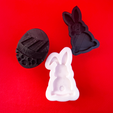 Pack-2-2.png Free STL file BIG PACK Easter Cookies mold・3D print design to download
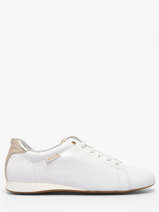 Sneakers Uit Leder Mephisto Wit women P5149766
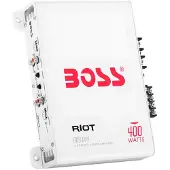 Boss Audio Systems Mr1004 50wx2 4 Ohm Förstärkare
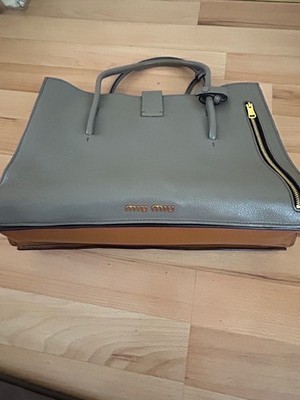 miu miu tasche grau
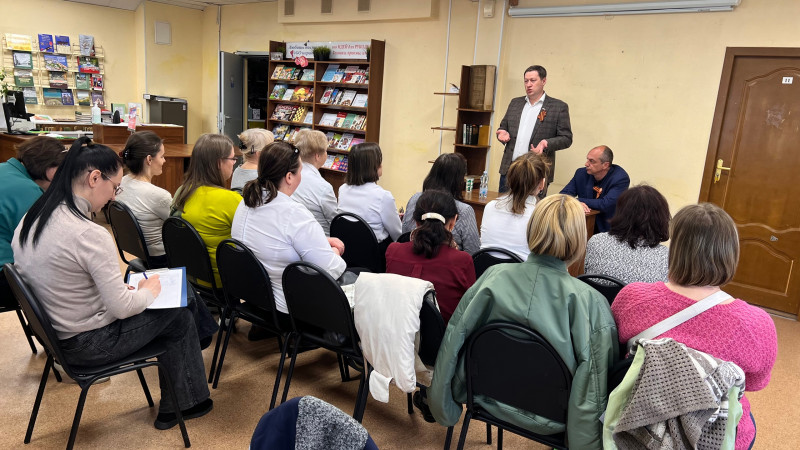 Павел Пашинин провел встречи с жителями и работниками организаций избирательного округа №21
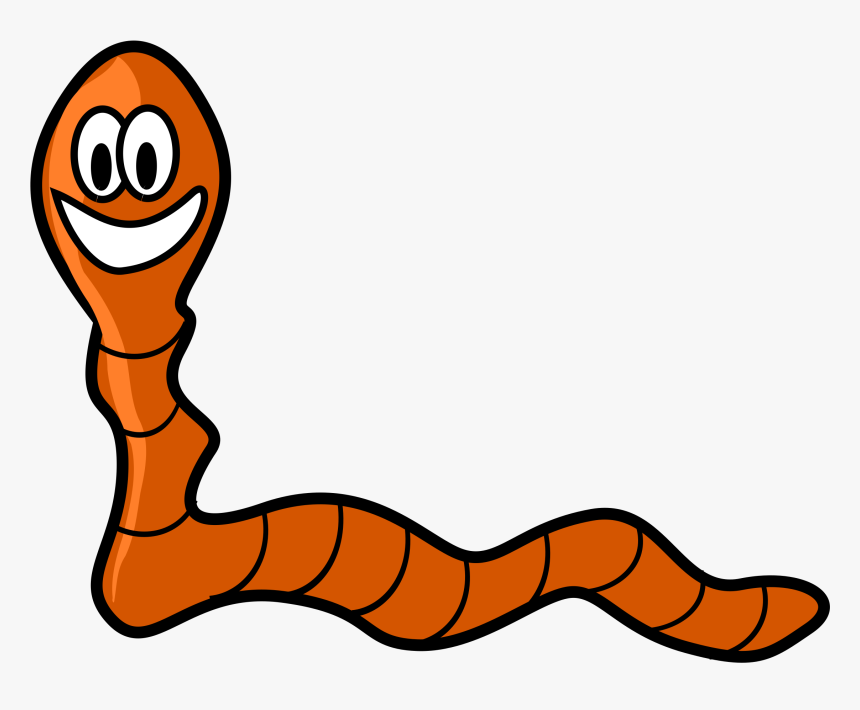 Worms Png File - Worm Clip Art, Transparent Png, Free Download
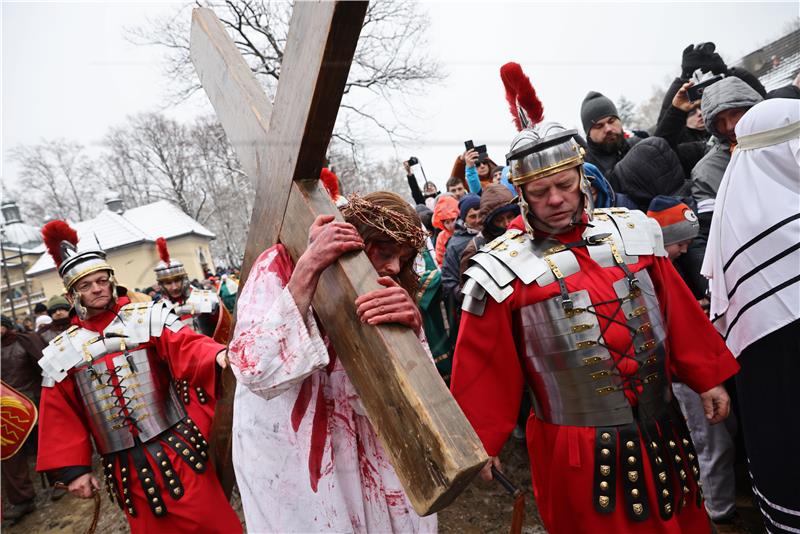 POLAND RELIGION MAUNDY FRIDAY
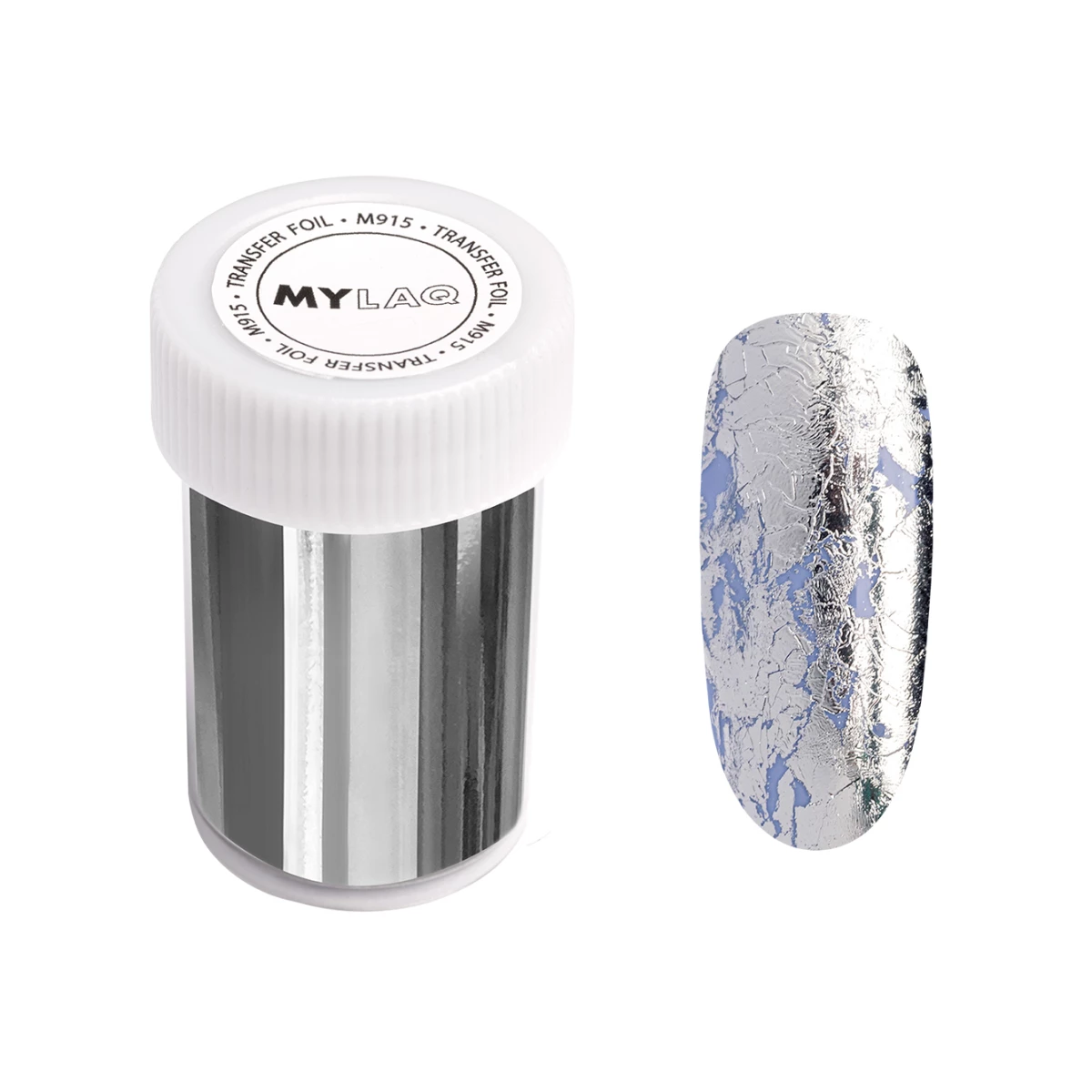 Folia transferowa srebrna do paznokci My Silver Foil - Sklep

+-------+

### Work instructions
Exactly the lines from the line with "Павел Пашинин провел" through the last line of the listing, both included, should be extracted, and the pictures left behind.

### Result of this exercise
 Павел Пашинин провел встречи с жителями и работниками организаций избирательного округа №21
 Worms Png File - Worm Clip Art, Transparent Png, Free Download
 POLAND RELIGION MAUNDY FRIDAY
 Folia transferowa srebrna do paznokci My Silver Foil - Sklep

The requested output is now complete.